Brief —
Would you repeat word for word the lines of the listing that follows, from the one with "Sehr Cool Apple" up to and including the one with "Autotuning statyczny falownika Inovance MD200", and leave out the images?

Dataset entries —
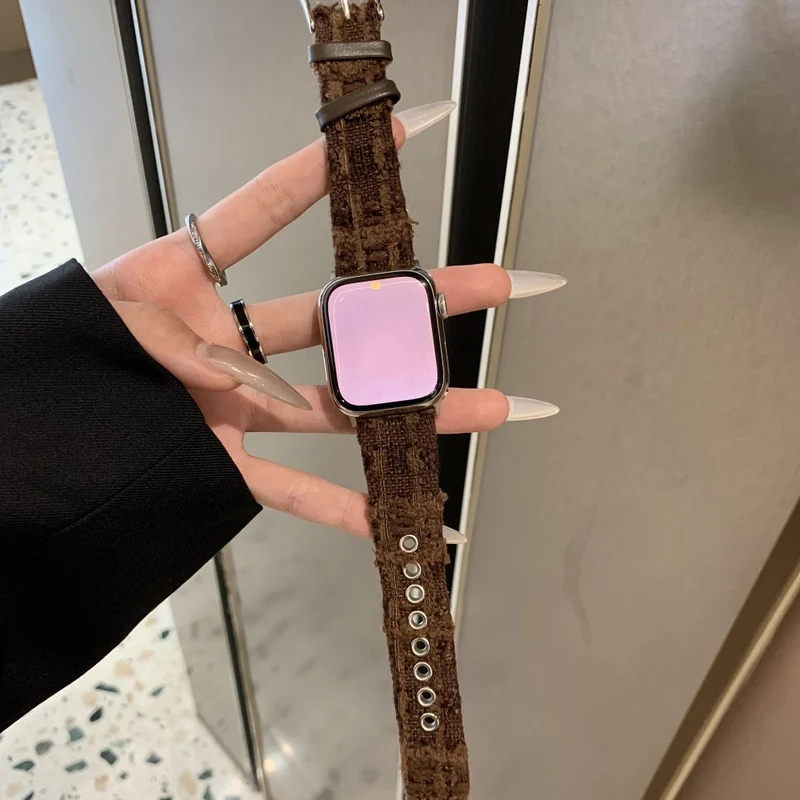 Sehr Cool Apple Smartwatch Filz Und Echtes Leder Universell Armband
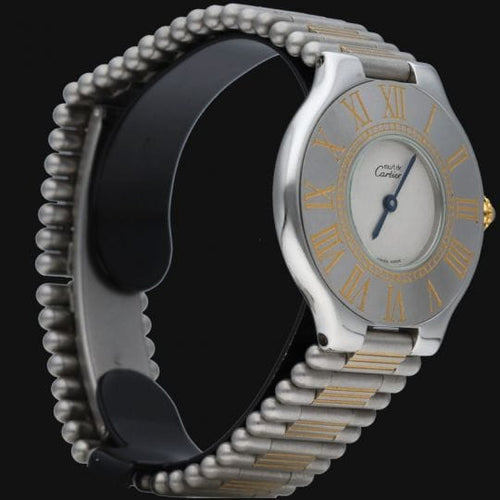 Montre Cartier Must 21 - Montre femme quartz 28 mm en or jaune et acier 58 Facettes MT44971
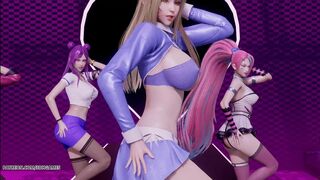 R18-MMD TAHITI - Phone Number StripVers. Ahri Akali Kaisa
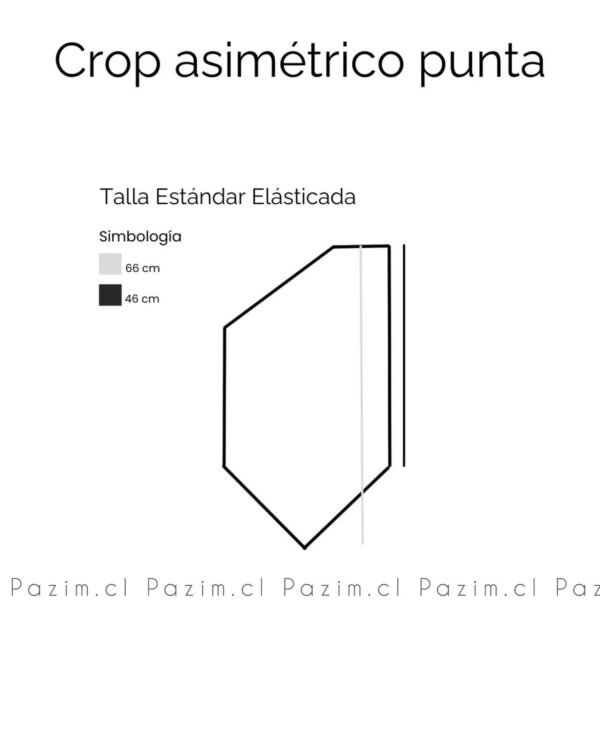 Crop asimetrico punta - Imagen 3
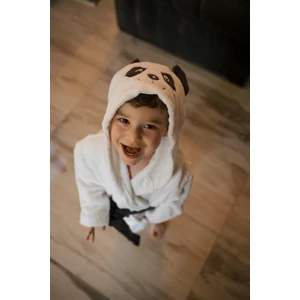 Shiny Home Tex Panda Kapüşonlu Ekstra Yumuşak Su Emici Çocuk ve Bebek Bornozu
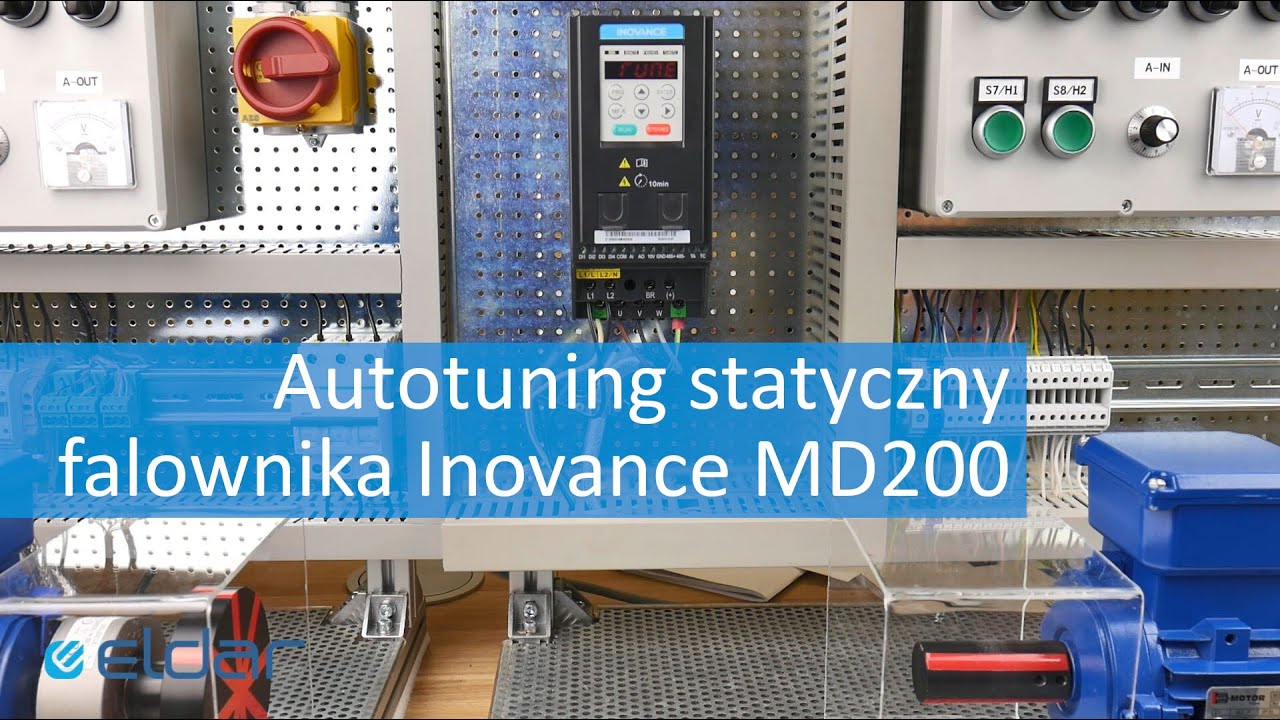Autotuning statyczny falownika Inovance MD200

---

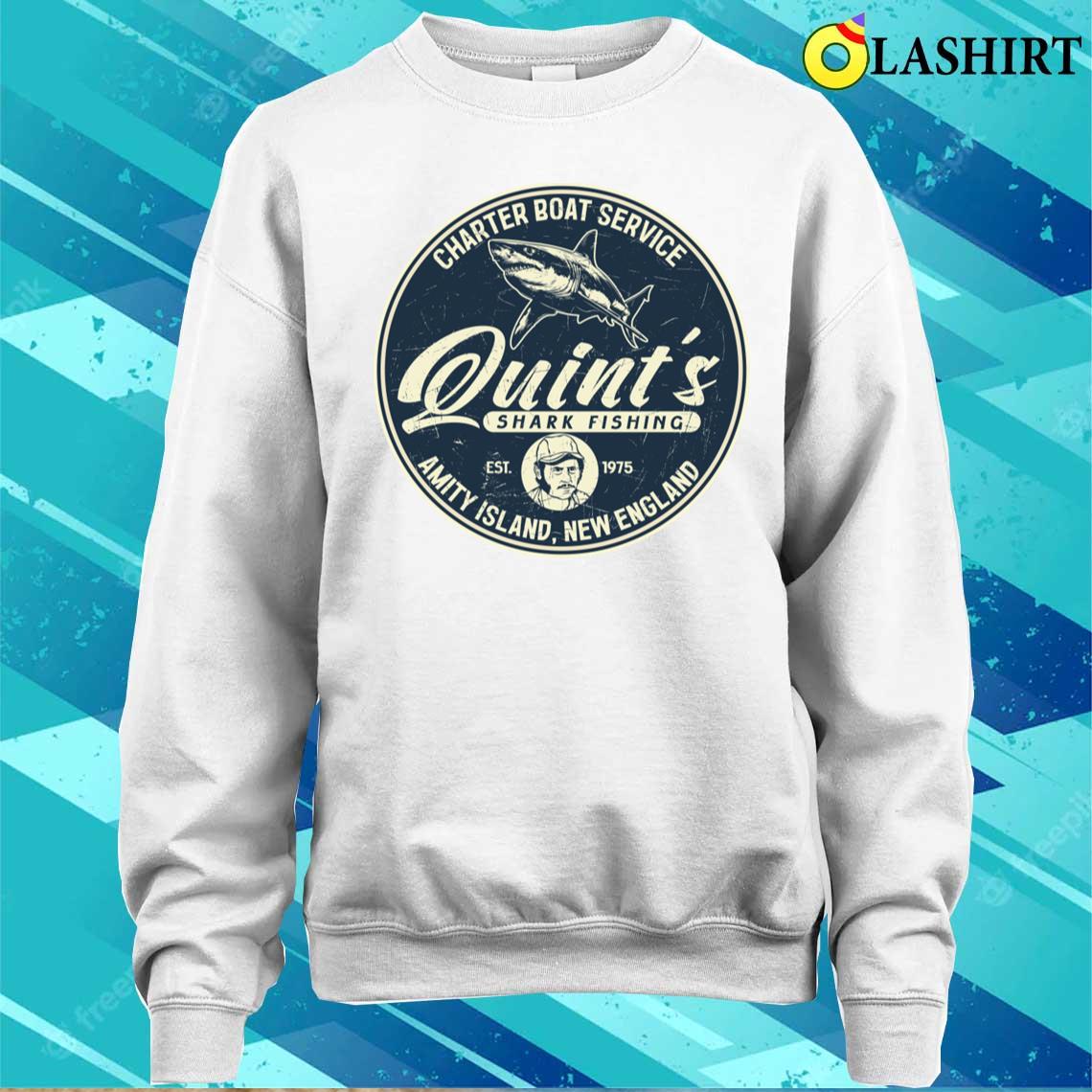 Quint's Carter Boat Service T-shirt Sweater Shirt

Written response —
 Sehr Cool Apple Smartwatch Filz Und Echtes Leder Universell Armband
 Montre Cartier Must 21 - Montre femme quartz 28 mm en or jaune et acier 58 Facettes MT44971
 R18-MMD TAHITI - Phone Number StripVers. Ahri Akali Kaisa
 Crop asimetrico punta - Imagen 3
 Shiny Home Tex Panda Kapüşonlu Ekstra Yumuşak Su Emici Çocuk ve Bebek Bornozu
Autotuning statyczny falownika Inovance MD200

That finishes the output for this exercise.